E’ esattamente il contrario di quanto deve accadere in un mondo normale e logico: nei momenti di benessere chi ha di più (cioè le banche) dovrebbe redistribuire a chi ha di meno, e non accade mai; nei momenti di malessere si dovrebbe pensare innanzitutto all’economia reale (altro che banche), alle capacità economico-finanziarie dei cittadini, e non sembra che tiri quest’aria se non in termini di briciole e contentini.
E comunque lo Stato (cioè, sempre noi cittadini) interverrebbe per aiutare le banche e poi se stesso (cioè sempre i cittadini). Quindi la gente paga due volte, quando le cose vanno male.

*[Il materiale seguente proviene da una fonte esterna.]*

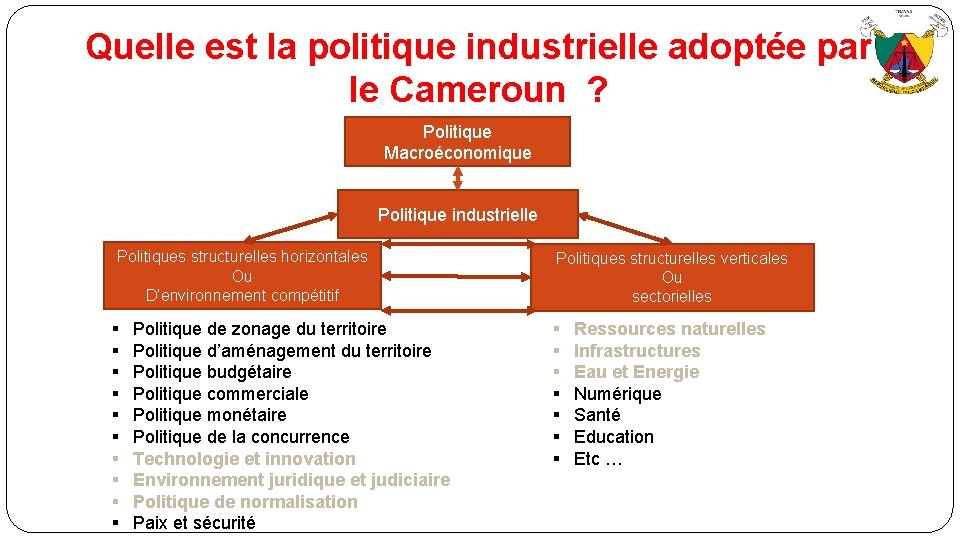 Quelle est la politique industrielle adoptée par le Cameroun ? Politique Macroéconomique Politique industrielle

E quando le cose andranno bene per le banche (e c’è da giuraci che prima o poi succederà), le banche non restituiranno allo Stato, cioè ai cittadini, quanto indebitamente percepito con tanto di interessi, cosa che le banche hanno fatto sempre senza guardare in faccia a nessuno.E quando qualcuno non pagava non succedeva mai che le banche rinunciassero a un pignoramento.

Strano, davvero molto strano questo mondo.